1. Egal wo ich diese her habe immer 100% auf nummer sicher gehen !

Maurerkübel nehmen Wasser rein ca 40 ltr. Wasser und 2 gr. Kaliumpergamanat dazugeben. (Das Wasser färbt sich violet )  
Handschuhe Tragen bei der Arbeit ganz wichtig !!!!! Planzen und Steine in dieser Nischung  8)  einlegen Max 30min und schon sind eure neuen Planzen und Steine desinfiziert !
Mit klaren Wasser abspülen nicht vergessen. 

Zur Erklärung Kaliumpergamanat ist ein Wasserdesinfektionmittel und Wirkt auch gegen Parasiten in dieser Konzentration zu 100%

2. Solltet ihr Blutegel oder sonnstige Viecher gesehen haben die nicht durch KPM kaputt gegeangen sind kurz zum Tierarzt in der Nähe und flüssiges entwurmungsmittel in einer Spritze aufziehen lassen und o.g. wiederholen jedoch ohne KPM !
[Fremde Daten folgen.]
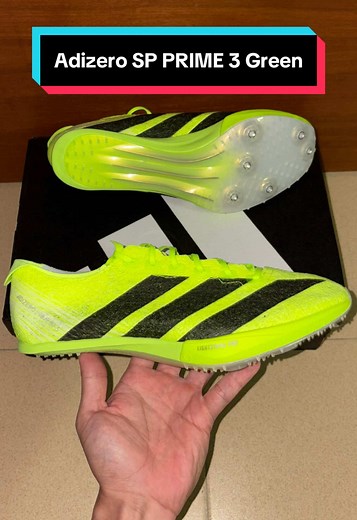 Adidas Adizero Prime SP 3 in Neon Green for Track Athletes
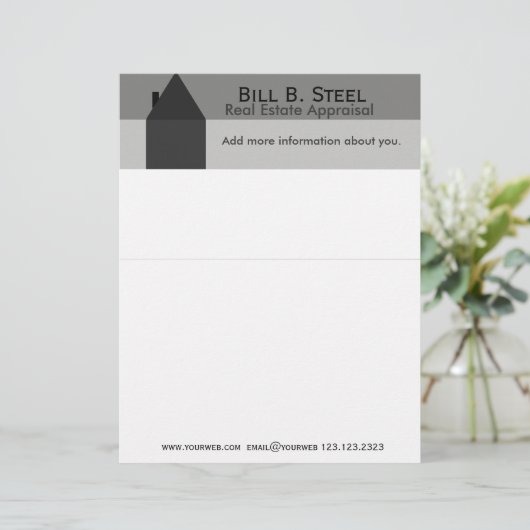 家の企業の不動産業者の建築の家 レターヘッド (スタンド正面)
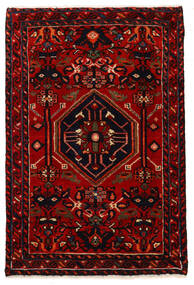 68X101 絨毯 オリエンタル ハマダン ダークレッド/レッド (ウール, ペルシャ/イラン) Carpetvista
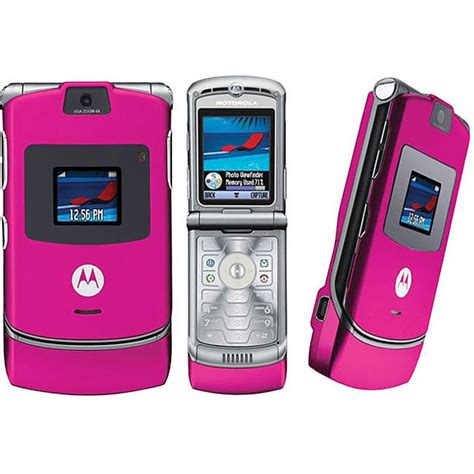 Motorola Magenta RAZR V3 Unlocked GSM Cell Phone (Refurbished) - Free Shipping Today - Overstock ...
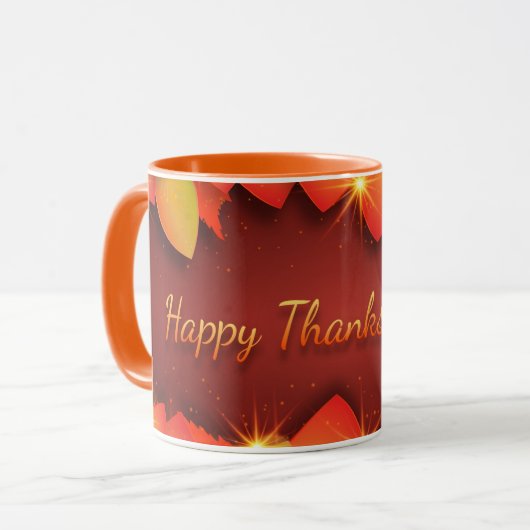 Prettig Thanksgiving Mok (Voorkant links)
kostet KPM 2 gr ca. 0,50 € und Entwurmungsmittel für 5 ml 1,00 €

Ihr seht schon mit wenig Kostenaufwand kann man sicher gehen das die Pflanzen und Steine nichts in den Teich einschleppen und eventuell großen Schaden anrichten !

gruß

Koinase Olaf

P.S. Fazit wenig Kosten helfen viel Geld sparen


----------



## Doris (25. Juli 2005)

Hi Olaf
Das ist ja 8)
Dann können wir ja mal im Bekanntenkreis so richtig Wasser/Teichpflanzen abstauben.

@ Thorsten
Ich hab gesehen, du hast so *wunderschöne* Tannenwedel  8-[
Wie wäre es mit einem Tausch:
Einige Tannenwedel gegen Froggi Anton oder Fritzchen oder wie sie alle heissen mögen !!!


----------



## Thorsten (25. Juli 2005)

Hi Doris,

pssssssssttttttttttttt das ist doch Verboten  8) 
Aber wir sehn uns ja am 13  :razz:


----------



## Haiflyer (8. Mai 2007)

*AW: Neue Pflanzen oder Steine*

kann ich die mischung zum desinfizieren auch für mehrere pflanzen nacheinander verwenden oder sollte ich die mischung wegschütten nachdem ich einen schwung pflanzen desinfiziert habe.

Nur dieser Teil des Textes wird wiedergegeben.